After giving the 150-600 a workout, it was time to think about what I could shoot with the 24-35mm lens. About that time, a biplane taxied by giving rides in the front cockpit. That brought to mind a shot I wanted to do of a close-up of a pilot flying. A few minutes talking to pilot Ted Davis of Biplane Rides of America and I was all set. After rumbling down the grass strip, we hit the smoothness of early evening air and were off. A little adjusting in the large seat of the New Standard biplane and I was facing Ted’s smiling face. My first plan was to shoot when Ted was headed into the sun and at an angle so both the windshield strut and the camera weren’t causing shadows on his face. But as we did circles over the patchwork of Wisconsin farm fields.
I saw how the light played off Ted’s face. Even backlit, I shot frame after frame thinking there was a good shot there. Sometimes you just shoot and find little gems when you edit. And I did. I love the shot of Ted looking out of the cockpit, his face side lit and the background focus dropping off from the Sigma 24-35.
I did have one regret. As we were barnstorming the countryside, Ted hammed it up for the camera and did a little flying with his arms. I shot what I could by my mind was telling me I should have brought a second camera with the Sigma 12-24mm that was sitting in the car trunk. Then again, maybe I didn’t need both of his hands in the frame to convey how great Ted feels to be flying. The sun was setting as I headed home happy with how the two Sigma lenses performed and the type of shots they allowed me to capture.
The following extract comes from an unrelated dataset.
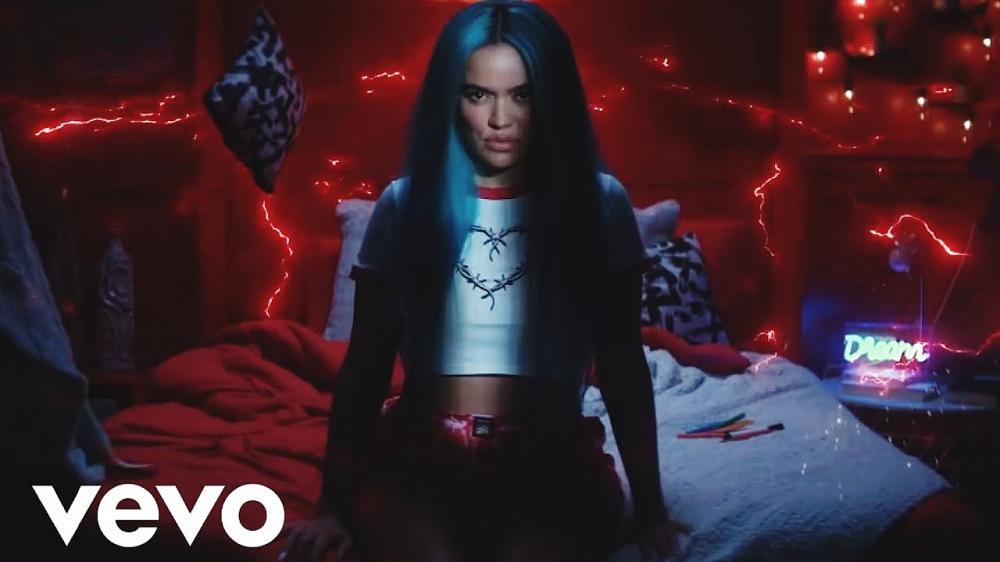 скачать клип KAROL G - Una Noche En Medellin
The next morning held a new challenge in the form of air to air photography. This time the tried and true Sigma 70-200mm f2.8 DG OS took center stage. Backup was the 150-600. Really, you ask? I mentioned before wanting to shoot the extremes. It can set you apart from the rest. At an earlier fly-in this year I did fantastic photographs with the Sigma 120-300 f2.8 DG OS HSM lens. So this was going to be a test to see if the 150-600mm could handle an air to air.
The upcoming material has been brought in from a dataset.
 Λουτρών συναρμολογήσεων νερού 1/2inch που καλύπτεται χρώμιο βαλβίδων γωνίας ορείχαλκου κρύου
The subject was Rob Bach’s Bentzen Sport, a homebuilt aircraft from 1961. As with shooting most airplanes, I was using a Canon 1DX, using AI servo focus and back button focus. As we flew in formation over the countryside, Rob moved the small plane to every location I asked him to so I could get varying angles. And every now and then, I pulled out the 150-600 to see what I could get. Shutter speed was at 1/80th of a second, so I wasn’t expecting a huge amount in focus when I zoomed past 300mm. Much like shooting aircraft landing, the slower the shutter speed, the more the propeller blurs. For most aviation photographers, the goal is to have a full circle of prop blur. Depending on the RPMs the aircraft’s engine is turning, a shutter speed of 1/60th to 1/80th will do that.
Checking the images later on the computer, those that were in focus were amazing. It seemed 300mm seemed to work the best for me. And that extra 100mm of focal length gives me that little bit of edge over someone else.
Packing up to head home, I ran into one of the pilots that has flown me for many air to air missions. Slightly scraggly-faced from camping and not shaving, he was heading home to Colorado. Grabbing the 1DX with the 70-200 I shot a few quick portraits of him. My initial thought had been to use the 24-35 for an environmental type portrait, but there was too much in the background to distract. So the 70-200 was a good choice to narrow my field of view. The only problem with the Sigma 70-200 is that it was too sharp for the image I had in my mind, but the addition of a lot of clarity in Photoshop, and a quick conversion to black and white, and I had the photo I wanted of Walt.
Actually, I had all of the photos I wanted from the Brodhead fly-in. Between the Sigma 150-600, the Sigma 24-35, and the Sigma 70-200mm, I covered all bases. They were easy to carry around. They let me see the vision I had in my mind. They delivered.